EXERCISE REQUIREMENTS: The needed output is the run of lines below from the one containing "Found among nearly" through the one containing "Tampilan gameplay menarik", copied exactly and free of pictures.

EXERCISE MATERIAL:
=== Begin Enclosure ===

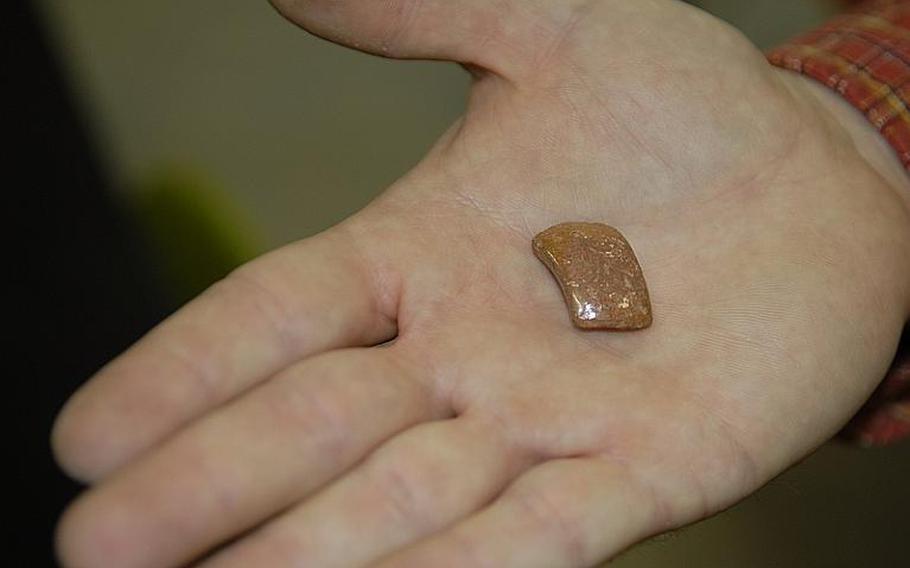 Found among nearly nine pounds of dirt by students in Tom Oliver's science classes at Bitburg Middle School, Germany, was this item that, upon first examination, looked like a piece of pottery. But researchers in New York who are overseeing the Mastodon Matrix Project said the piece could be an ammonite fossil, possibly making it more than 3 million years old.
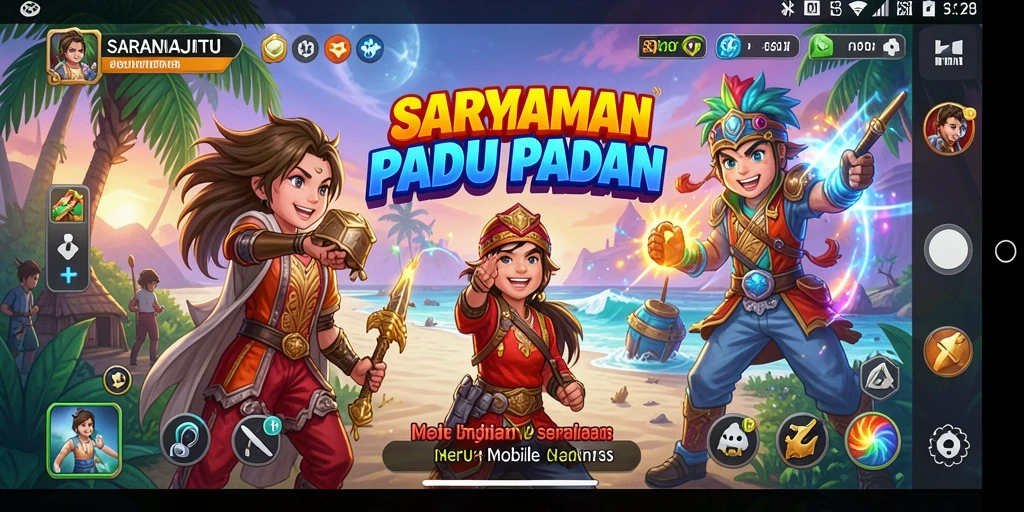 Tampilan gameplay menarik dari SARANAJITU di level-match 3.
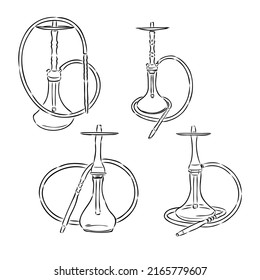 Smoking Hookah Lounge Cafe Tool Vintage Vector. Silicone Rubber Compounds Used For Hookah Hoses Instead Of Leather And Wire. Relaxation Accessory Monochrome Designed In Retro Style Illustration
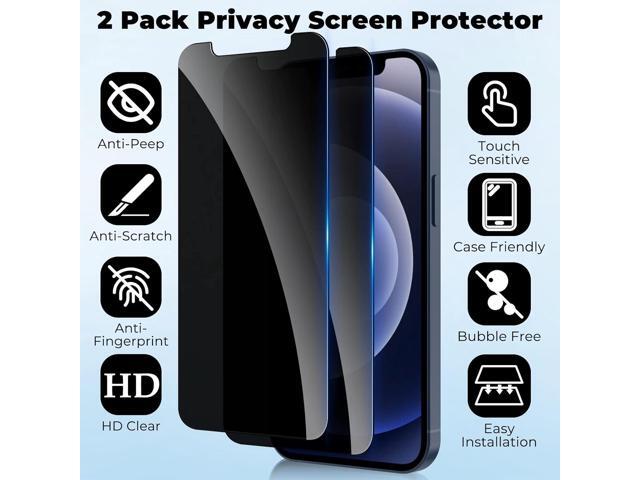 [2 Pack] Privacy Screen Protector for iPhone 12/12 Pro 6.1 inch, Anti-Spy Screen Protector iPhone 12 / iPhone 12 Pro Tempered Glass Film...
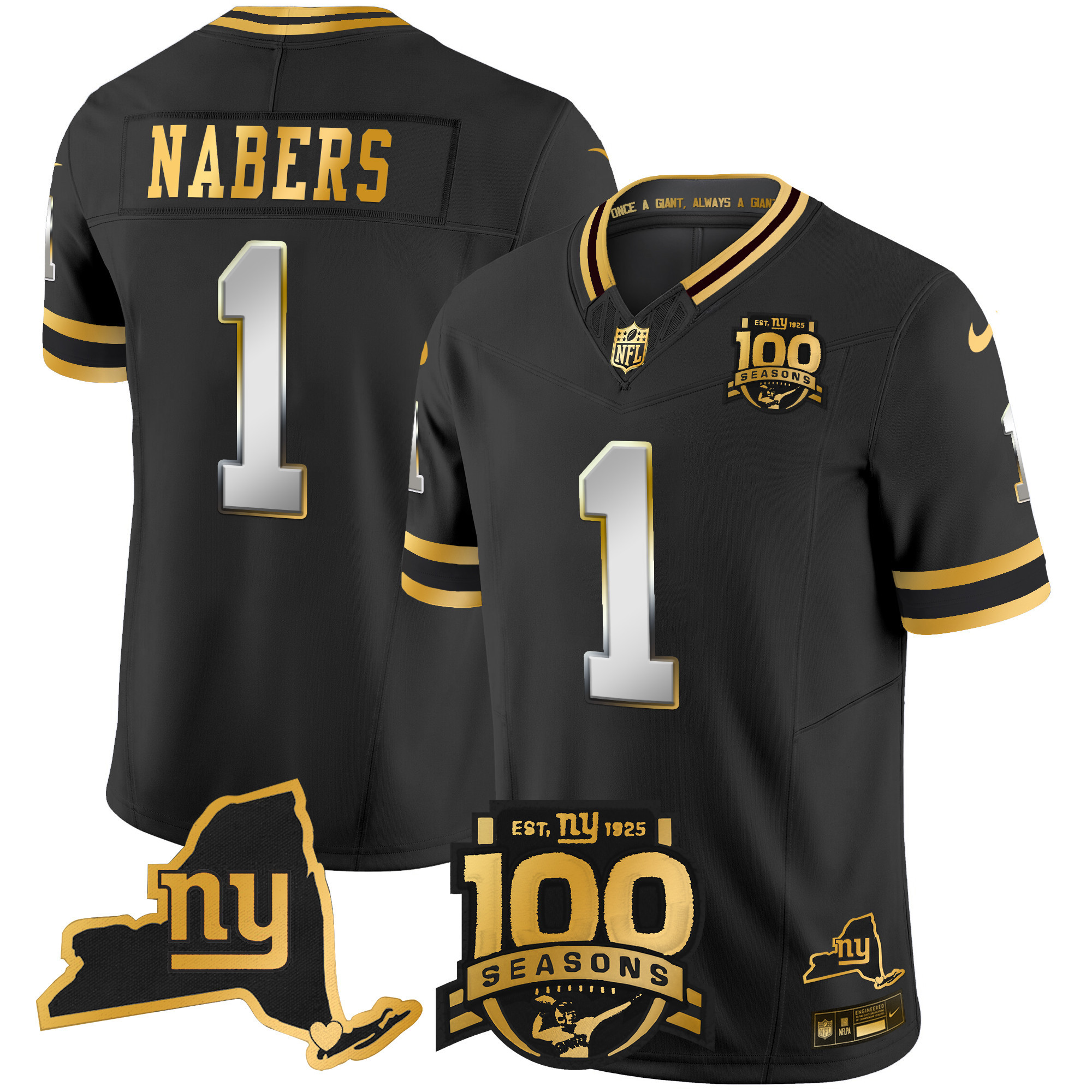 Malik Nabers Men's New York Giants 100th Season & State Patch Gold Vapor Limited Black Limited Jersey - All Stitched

=== End Enclosure ===
=== Begin Enclosure ===

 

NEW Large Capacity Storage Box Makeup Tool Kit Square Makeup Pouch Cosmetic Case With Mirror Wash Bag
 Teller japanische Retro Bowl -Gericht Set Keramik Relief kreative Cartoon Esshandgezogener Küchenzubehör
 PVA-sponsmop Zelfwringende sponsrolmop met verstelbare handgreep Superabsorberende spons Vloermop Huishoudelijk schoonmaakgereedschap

=== End Enclosure ===

OUTPUT FOR THIS TASK:
 Found among nearly nine pounds of dirt by students in Tom Oliver's science classes at Bitburg Middle School, Germany, was this item that, upon first examination, looked like a piece of pottery. But researchers in New York who are overseeing the Mastodon Matrix Project said the piece could be an ammonite fossil, possibly making it more than 3 million years old.
 Tampilan gameplay menarik dari SARANAJITU di level-match 3.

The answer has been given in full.